» Data to examine
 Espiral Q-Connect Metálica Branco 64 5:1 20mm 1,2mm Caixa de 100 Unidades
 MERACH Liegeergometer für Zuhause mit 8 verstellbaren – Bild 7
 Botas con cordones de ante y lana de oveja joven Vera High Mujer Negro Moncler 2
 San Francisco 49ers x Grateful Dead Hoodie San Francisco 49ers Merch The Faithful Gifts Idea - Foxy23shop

--

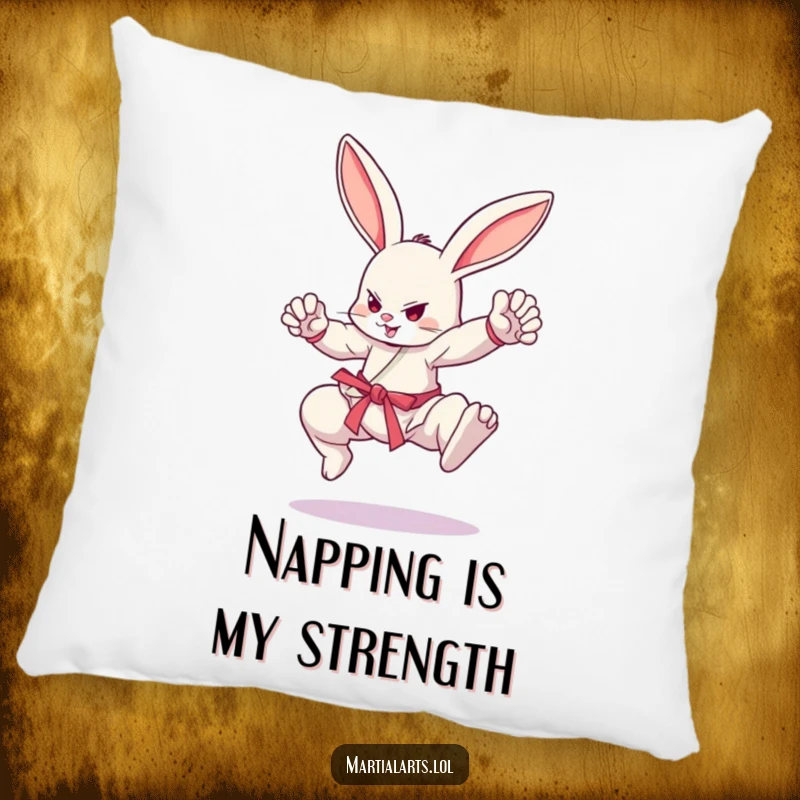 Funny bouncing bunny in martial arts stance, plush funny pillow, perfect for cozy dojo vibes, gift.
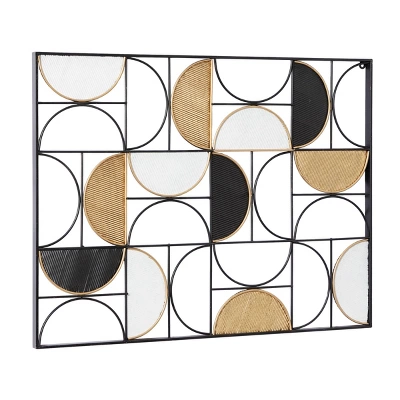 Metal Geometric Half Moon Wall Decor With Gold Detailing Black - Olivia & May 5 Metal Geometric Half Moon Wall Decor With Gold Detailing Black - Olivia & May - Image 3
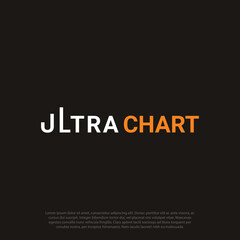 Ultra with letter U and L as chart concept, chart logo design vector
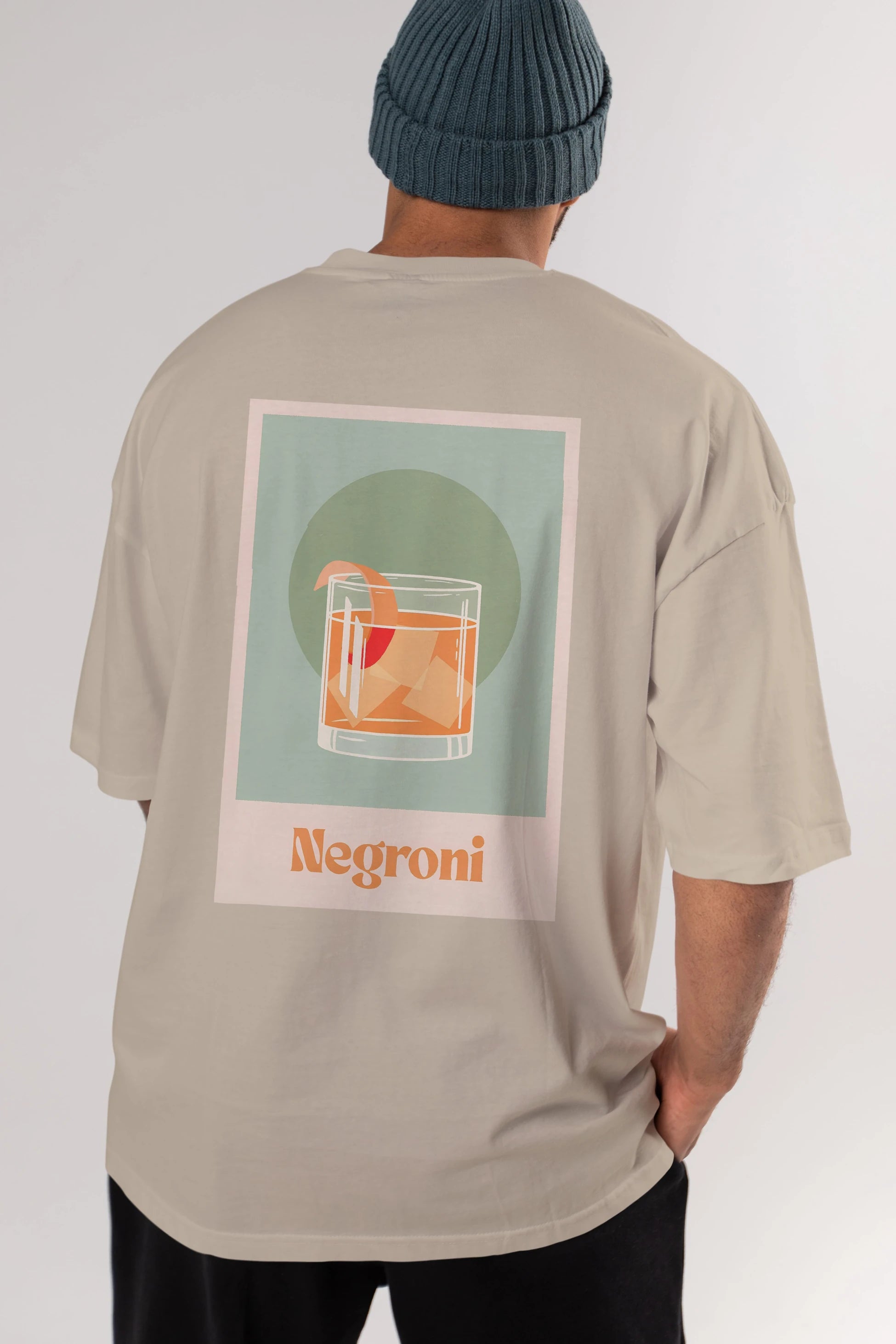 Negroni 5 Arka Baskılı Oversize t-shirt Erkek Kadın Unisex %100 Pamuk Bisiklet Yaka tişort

» Assignment
Take the entries above and return only the lines from the one with "Espiral Q-Connect Metálica" to the one with "San Francisco 49ers x", both included, unchanged.

» Written answer
 Espiral Q-Connect Metálica Branco 64 5:1 20mm 1,2mm Caixa de 100 Unidades
 MERACH Liegeergometer für Zuhause mit 8 verstellbaren – Bild 7
 Botas con cordones de ante y lana de oveja joven Vera High Mujer Negro Moncler 2
 San Francisco 49ers x Grateful Dead Hoodie San Francisco 49ers Merch The Faithful Gifts Idea - Foxy23shop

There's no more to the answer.